We've been having a great time. Yesterday was a trip to the beach with friends - well worth the drive across town - Sebastian has really taken to the ocean. After being too frightened to go within ten feet of the water's edge as recently as April, he will now venture in on his own as long as one of us is close behind. He laughs as each wave cools his body with a mix of amusement and wonder that only a toddler can produce. It is musical and contagious, as hard and stoic as I have been lately - that laugh got me going.
I have been taking life much too seriously. I have been taking myself and my position as household matriarch too seriously. Every flaw is fatal, every shortcoming or mistake bringing me to a dead stop. Moving so quickly I look like I am standing still - until one day I found I really was. Just standing still.
It is a problem I think I have had my whole life. I over-analyze, I rehearse hypothetical situations in my head until I can't remember what is memory and what is fabrication, I see all challenges as my own Everest, all failings as further proof of my un-worth. I have always looked outside myself for acceptance and assurance.
Having a kid is like having a life-line, being the primary care-giver for a child has a way of consistently bringing me back from the edge. Sebastian is my blessing. When I get too caught up in myself, in my internal dialogues - he manifests it. He is this tiny, loud, projector that reminds me when I am falling off the path - and I love him for it. I worry that this role is somehow fucking him up in ways only intense therapy later in life will correct* but considering the family he was born into, therapy later in life is likely a given.
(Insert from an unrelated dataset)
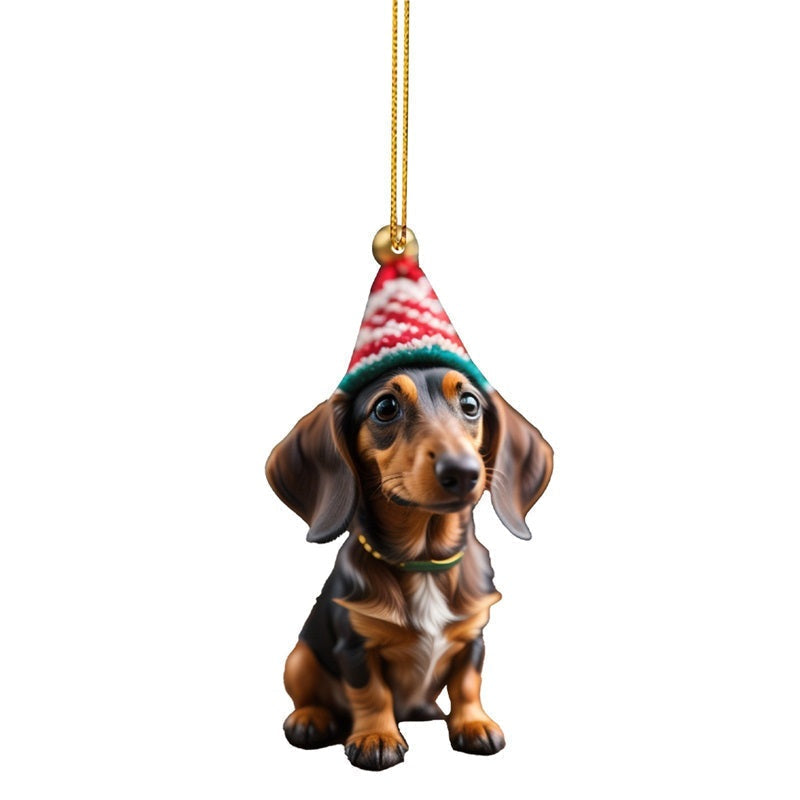 Sjovt juleophæng med gravhund til bilen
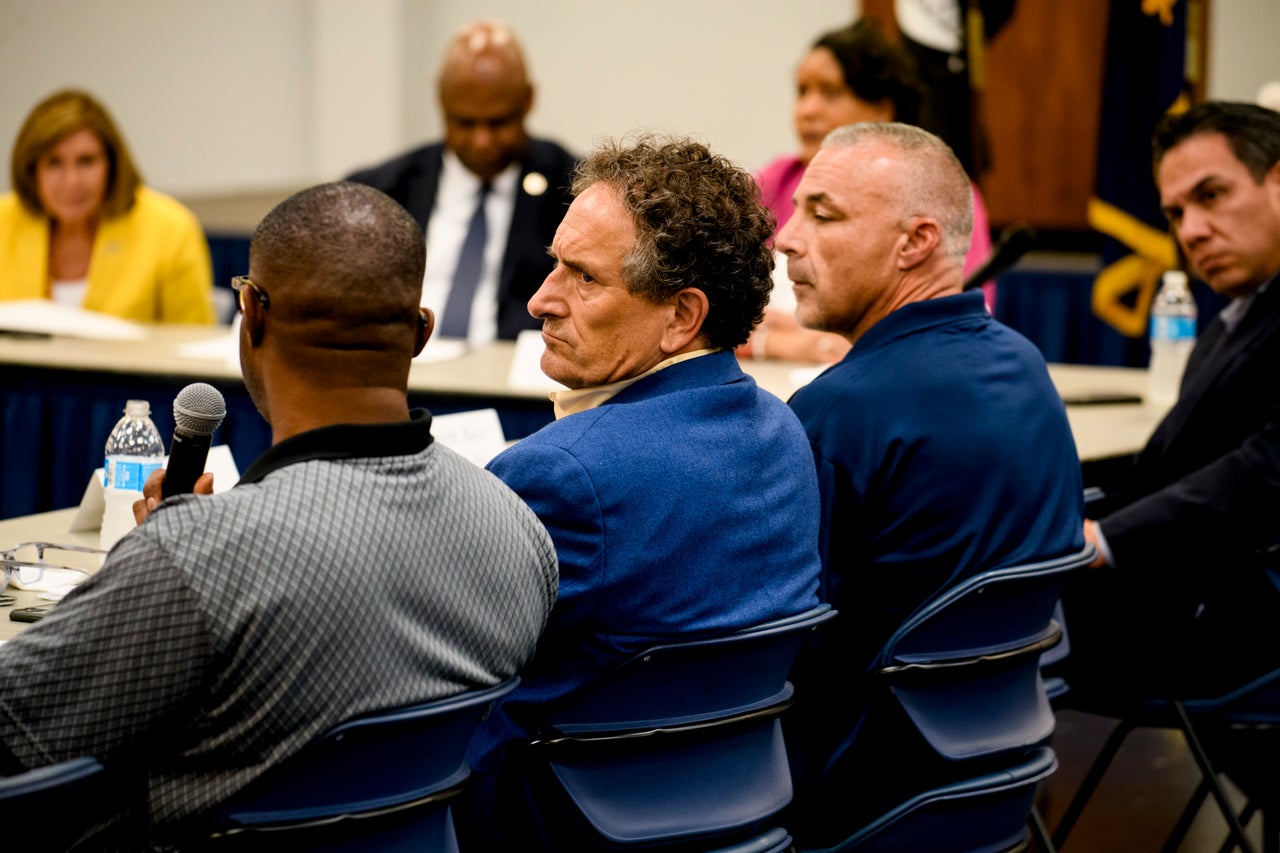 Levin listens to comments by United Auto Workers representatives during a panel discussion about microchip legislation on Friday. Levin said he finds the de-industrialization "maddening."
He has been "a terror" - he has been a frustrated two-year-old. A smart, funny, caring, energetic two-year-old. His current weapon of choice is the loud, screamy, shouting "NO!" Guess where he got it from? I used it on him first, so it really is fair game - working on lessening its use means minimizing its power. This means that I can not use it** and when I look at why I had been using it, I find it is primarily because I have been feeling too fat and lazy to properly handle difficult situations (from hitting to running off to grabbing food off the grocery store shelf). The second step is that I will have to find ways to take its power away from Sebastian - this is less cut and dry.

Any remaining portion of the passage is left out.